WHAT THE TASK REQUIRES: In your answer, repeat each line of the data exactly.

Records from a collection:
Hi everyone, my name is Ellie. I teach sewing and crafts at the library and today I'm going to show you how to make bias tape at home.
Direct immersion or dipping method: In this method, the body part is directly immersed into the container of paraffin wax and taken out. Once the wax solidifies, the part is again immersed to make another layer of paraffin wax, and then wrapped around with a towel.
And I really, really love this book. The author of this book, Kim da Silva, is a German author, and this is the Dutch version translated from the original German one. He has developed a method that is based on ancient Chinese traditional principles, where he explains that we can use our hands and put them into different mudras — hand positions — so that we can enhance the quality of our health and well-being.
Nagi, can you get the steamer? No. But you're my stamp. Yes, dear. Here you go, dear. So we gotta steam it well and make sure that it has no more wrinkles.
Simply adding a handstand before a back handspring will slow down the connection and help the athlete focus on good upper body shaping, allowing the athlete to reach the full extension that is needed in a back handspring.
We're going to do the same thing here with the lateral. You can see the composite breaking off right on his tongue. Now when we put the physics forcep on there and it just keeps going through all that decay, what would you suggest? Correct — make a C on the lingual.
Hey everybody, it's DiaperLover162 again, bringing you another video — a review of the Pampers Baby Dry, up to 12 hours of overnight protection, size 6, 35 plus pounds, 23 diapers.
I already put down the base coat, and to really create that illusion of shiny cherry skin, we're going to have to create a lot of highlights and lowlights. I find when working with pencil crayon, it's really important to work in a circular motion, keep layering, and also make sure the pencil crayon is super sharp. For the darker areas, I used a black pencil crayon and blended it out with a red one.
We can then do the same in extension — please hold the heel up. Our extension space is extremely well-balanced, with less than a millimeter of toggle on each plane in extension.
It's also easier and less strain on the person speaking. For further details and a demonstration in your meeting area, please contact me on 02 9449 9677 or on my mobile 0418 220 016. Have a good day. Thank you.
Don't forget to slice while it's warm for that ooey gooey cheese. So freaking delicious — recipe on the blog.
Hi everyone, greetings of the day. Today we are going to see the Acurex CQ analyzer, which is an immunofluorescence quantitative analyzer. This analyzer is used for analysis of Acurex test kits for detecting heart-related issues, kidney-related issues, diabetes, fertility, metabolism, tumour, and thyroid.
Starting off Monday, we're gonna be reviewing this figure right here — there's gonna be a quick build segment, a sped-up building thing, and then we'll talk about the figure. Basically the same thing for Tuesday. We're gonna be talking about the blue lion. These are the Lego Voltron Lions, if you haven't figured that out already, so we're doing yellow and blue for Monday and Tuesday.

SOLUTION FOR THIS EXERCISE:
Hi everyone, my name is Ellie. I teach sewing and crafts at the library and today I'm going to show you how to make bias tape at home.
Direct immersion or dipping method: In this method, the body part is directly immersed into the container of paraffin wax and taken out. Once the wax solidifies, the part is again immersed to make another layer of paraffin wax, and then wrapped around with a towel.
And I really, really love this book. The author of this book, Kim da Silva, is a German author, and this is the Dutch version translated from the original German one. He has developed a method that is based on ancient Chinese traditional principles, where he explains that we can use our hands and put them into different mudras — hand positions — so that we can enhance the quality of our health and well-being.
Nagi, can you get the steamer? No. But you're my stamp. Yes, dear. Here you go, dear. So we gotta steam it well and make sure that it has no more wrinkles.
Simply adding a handstand before a back handspring will slow down the connection and help the athlete focus on good upper body shaping, allowing the athlete to reach the full extension that is needed in a back handspring.
We're going to do the same thing here with the lateral. You can see the composite breaking off right on his tongue. Now when we put the physics forcep on there and it just keeps going through all that decay, what would you suggest? Correct — make a C on the lingual.
Hey everybody, it's DiaperLover162 again, bringing you another video — a review of the Pampers Baby Dry, up to 12 hours of overnight protection, size 6, 35 plus pounds, 23 diapers.
I already put down the base coat, and to really create that illusion of shiny cherry skin, we're going to have to create a lot of highlights and lowlights. I find when working with pencil crayon, it's really important to work in a circular motion, keep layering, and also make sure the pencil crayon is super sharp. For the darker areas, I used a black pencil crayon and blended it out with a red one.
We can then do the same in extension — please hold the heel up. Our extension space is extremely well-balanced, with less than a millimeter of toggle on each plane in extension.
It's also easier and less strain on the person speaking. For further details and a demonstration in your meeting area, please contact me on 02 9449 9677 or on my mobile 0418 220 016. Have a good day. Thank you.
Don't forget to slice while it's warm for that ooey gooey cheese. So freaking delicious — recipe on the blog.
Hi everyone, greetings of the day. Today we are going to see the Acurex CQ analyzer, which is an immunofluorescence quantitative analyzer. This analyzer is used for analysis of Acurex test kits for detecting heart-related issues, kidney-related issues, diabetes, fertility, metabolism, tumour, and thyroid.
Starting off Monday, we're gonna be reviewing this figure right here — there's gonna be a quick build segment, a sped-up building thing, and then we'll talk about the figure. Basically the same thing for Tuesday. We're gonna be talking about the blue lion. These are the Lego Voltron Lions, if you haven't figured that out already, so we're doing yellow and blue for Monday and Tuesday.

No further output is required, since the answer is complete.